**** DATA FOR THIS EXERCISE ****

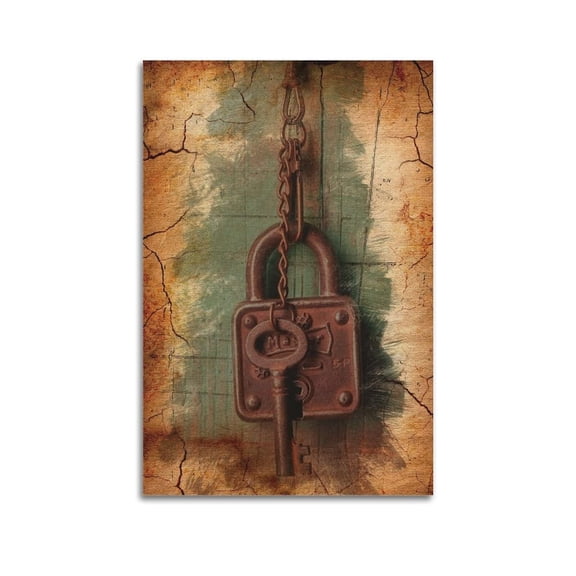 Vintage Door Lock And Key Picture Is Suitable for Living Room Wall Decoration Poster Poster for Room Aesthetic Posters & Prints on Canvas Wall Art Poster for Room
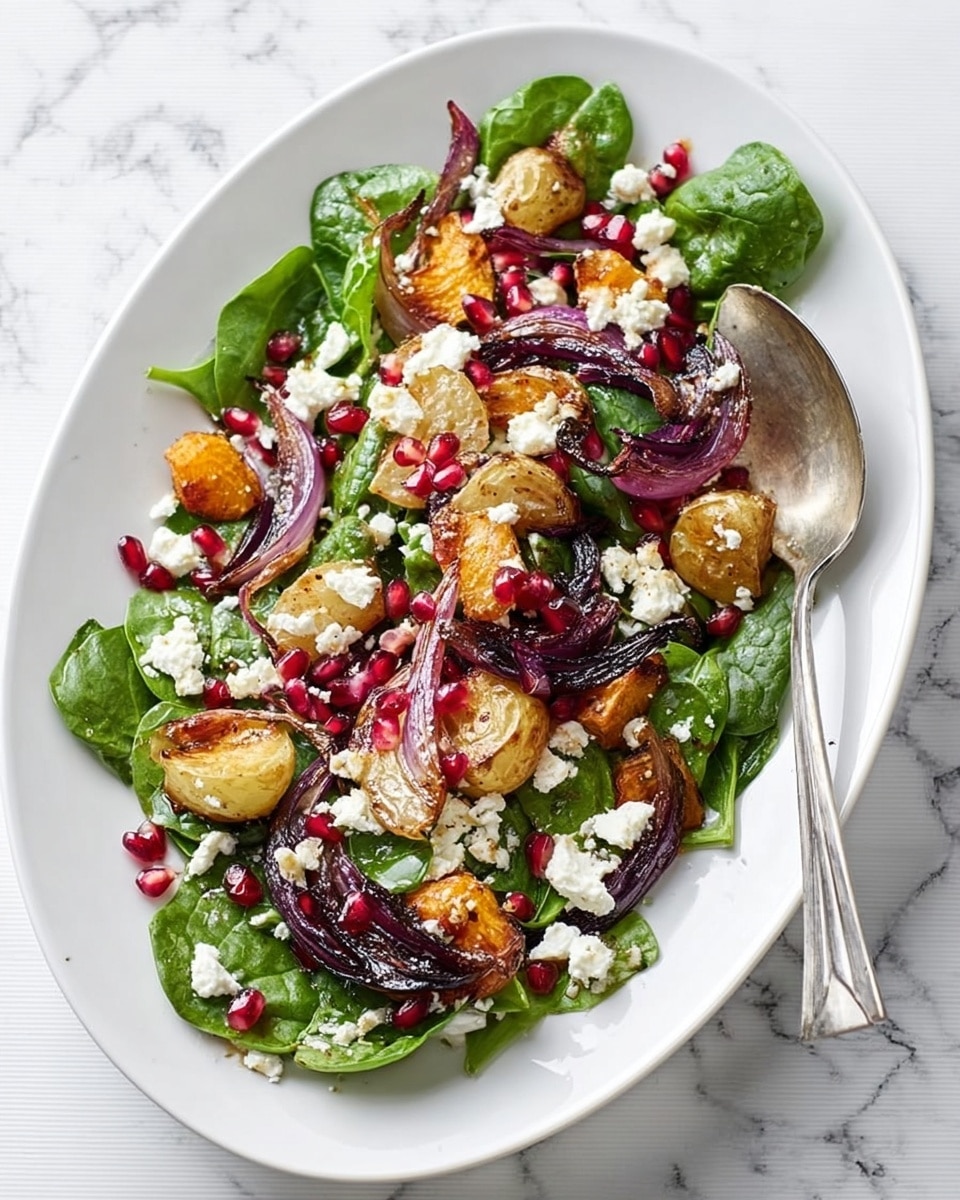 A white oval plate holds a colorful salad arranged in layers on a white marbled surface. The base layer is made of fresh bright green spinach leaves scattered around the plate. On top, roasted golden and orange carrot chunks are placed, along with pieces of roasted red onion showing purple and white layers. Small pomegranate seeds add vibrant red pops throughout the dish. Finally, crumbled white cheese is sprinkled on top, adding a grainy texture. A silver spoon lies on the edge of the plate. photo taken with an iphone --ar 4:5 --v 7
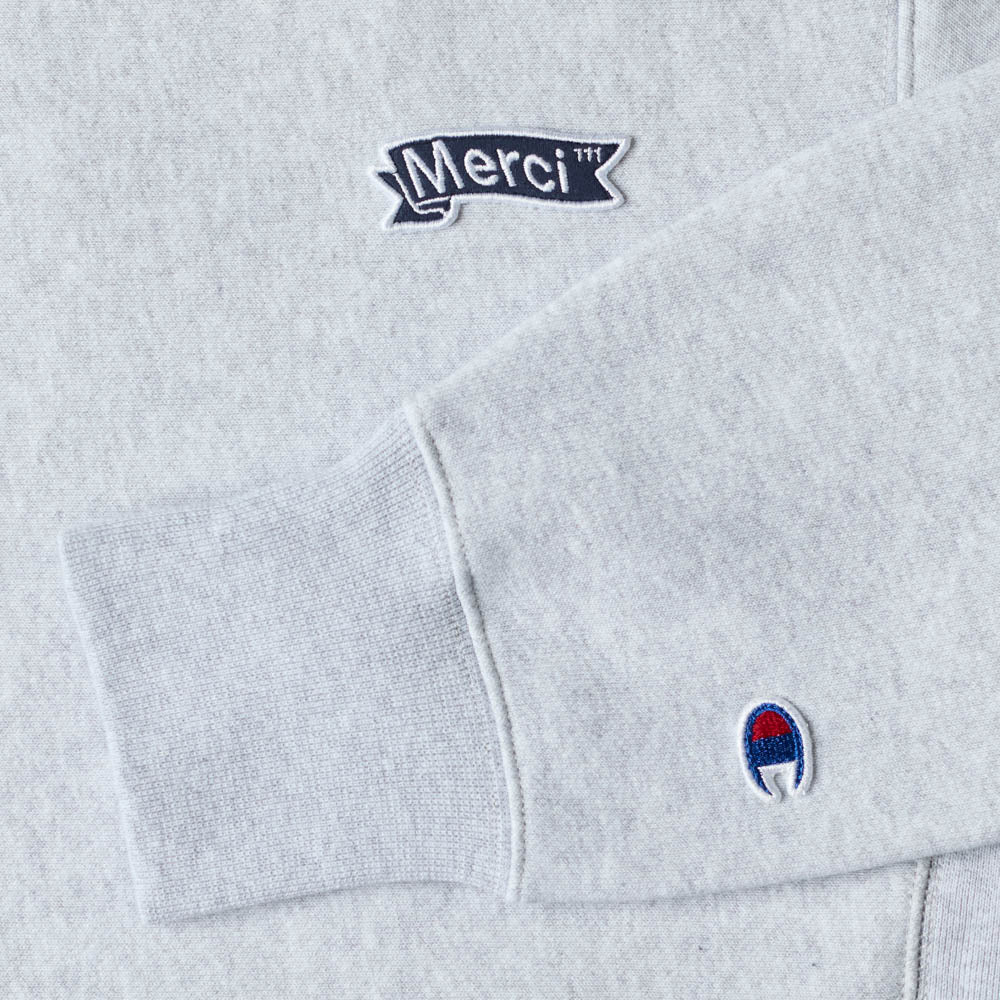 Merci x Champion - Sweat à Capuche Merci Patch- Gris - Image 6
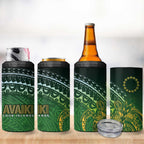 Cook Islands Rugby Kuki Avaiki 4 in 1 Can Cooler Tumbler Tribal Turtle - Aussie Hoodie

****
**** DATA FOR THIS EXERCISE ****

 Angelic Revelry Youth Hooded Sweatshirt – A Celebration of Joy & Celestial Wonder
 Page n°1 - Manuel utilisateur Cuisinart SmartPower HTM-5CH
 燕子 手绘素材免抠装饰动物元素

****

ACTIVITY:
In the data above, find the line containing "Vintage Door Lock" and the line containing "Cook Islands Rugby". Copy exactly the stretch from the first through the second, both included, leaving out any picture.

TASK RESULT:
 Vintage Door Lock And Key Picture Is Suitable for Living Room Wall Decoration Poster Poster for Room Aesthetic Posters & Prints on Canvas Wall Art Poster for Room
 A white oval plate holds a colorful salad arranged in layers on a white marbled surface. The base layer is made of fresh bright green spinach leaves scattered around the plate. On top, roasted golden and orange carrot chunks are placed, along with pieces of roasted red onion showing purple and white layers. Small pomegranate seeds add vibrant red pops throughout the dish. Finally, crumbled white cheese is sprinkled on top, adding a grainy texture. A silver spoon lies on the edge of the plate. photo taken with an iphone --ar 4:5 --v 7
 Merci x Champion - Sweat à Capuche Merci Patch- Gris - Image 6
 Cook Islands Rugby Kuki Avaiki 4 in 1 Can Cooler Tumbler Tribal Turtle - Aussie Hoodie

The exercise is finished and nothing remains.